Harry T. Newman-Plotnick ’18 spends "egregious amounts of time in the Kirkland dining hall." The warm fluorescent light of the Monday evening dinner rush does, in fact, seem to be his element. He points out the table—two away from the servery, against the wall—that he considers the best location. His record for time spent in the dining hall stands at just over 12 hours. To his knowledge, it has yet to be beaten.

"I like doing that, just holding court, people cycle through," he says. "I do that for—that sounds really lame to say I do that for fun. Wow, okay, I don’t do that for—yeah, I do that for fun."

While Newman-Plotnick is a "very big proponent of just sitting around doing absolutely nothing for extended periods of time," this philosophy does not accurately reflect his time on campus.

Newman-Plotnick almost compulsively picks up talents—"weird, dextrous quirks"—to stave off boredom, whenever sitting in the Kirkland dining hall becomes too monotonous.

"I get bored very easily, so I always try to learn new things," Newman-Plotnick says. As a result, he’s become a multi-hyphenate: musician-magician-juggler-comedian.

"I very much embrace jack of all trades, master of none," he says. A self-described dabbler, Newman-Plotnick began playing piano at an early age (which, he’s quick to note, "does not accurately reflect my quality of piano,") picked up violin in elementary school, and has accrued an assortment of other musical talents in the years since.

The most recent acquisition? This semester, he joined the Harvard University Band, playing trumpet. "If I just say that without a qualification, everyone in band will be mad," he adds. "I have yet to show up to anything, but… I’m still learning."

Aside from technically being involved with the band, Newman-Plotnick most often puts his musical talents to use in pit orchestras. He performs with the Harvard-Radcliffe Gilbert & Sullivan Players and in friends’ shows.

By Amy Y. Li

He may spend considerable time tucked away in an orchestra pit, but Newman-Plotnick’s other interests put him directly onstage.

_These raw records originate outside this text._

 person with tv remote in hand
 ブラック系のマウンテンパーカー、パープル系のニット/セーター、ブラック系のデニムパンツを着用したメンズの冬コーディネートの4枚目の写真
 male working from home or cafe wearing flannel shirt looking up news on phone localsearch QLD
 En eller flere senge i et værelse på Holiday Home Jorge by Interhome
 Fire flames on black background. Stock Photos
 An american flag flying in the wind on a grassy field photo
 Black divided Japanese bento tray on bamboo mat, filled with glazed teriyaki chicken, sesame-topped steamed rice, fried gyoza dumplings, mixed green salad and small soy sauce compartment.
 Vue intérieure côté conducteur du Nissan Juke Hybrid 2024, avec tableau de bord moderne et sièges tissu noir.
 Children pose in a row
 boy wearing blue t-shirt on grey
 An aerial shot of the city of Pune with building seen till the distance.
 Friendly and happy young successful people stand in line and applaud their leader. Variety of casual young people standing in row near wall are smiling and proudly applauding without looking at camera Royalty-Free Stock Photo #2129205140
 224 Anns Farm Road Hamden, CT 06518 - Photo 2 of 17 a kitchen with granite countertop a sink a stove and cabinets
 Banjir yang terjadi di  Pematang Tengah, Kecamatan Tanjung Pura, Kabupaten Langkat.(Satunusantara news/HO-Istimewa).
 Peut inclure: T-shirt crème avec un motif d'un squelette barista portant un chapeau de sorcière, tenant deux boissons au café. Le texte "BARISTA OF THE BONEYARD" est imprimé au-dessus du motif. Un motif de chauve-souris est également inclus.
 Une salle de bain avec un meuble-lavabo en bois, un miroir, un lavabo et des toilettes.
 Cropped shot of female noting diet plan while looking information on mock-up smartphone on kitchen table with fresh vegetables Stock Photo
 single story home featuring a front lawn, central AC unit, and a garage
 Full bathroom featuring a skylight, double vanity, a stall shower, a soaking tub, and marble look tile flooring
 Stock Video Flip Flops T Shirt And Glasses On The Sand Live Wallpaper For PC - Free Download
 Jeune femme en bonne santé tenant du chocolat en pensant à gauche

Around age nine, Newman-Plotnick received a magic kit. He got hooked, "mainly because my parents didn’t know how I did the stuff I did, and that just made me really happy." He largely stopped studying magic until his sophomore year of high school, when he began practicing more regularly.

In college, Newman-Plotnick kept the magic alive as a member of the Harvard Magician’s Society, a group so relaxed that he was the only official member during his sophomore fall, and thus president by default.

His need to collect "slightly less common talents" also led Newman-Plotnick to comedy via the Harvard College Stand-Up Comics Society. He says he’s always enjoyed making people laugh, even if he didn’t formally pursue comedy in high school. "I wasn’t the class clown, [but] I always tried to be funny, I suppose," he says. "Once you do [stand-up] once and someone laughs, it’s kind of hard to not come back."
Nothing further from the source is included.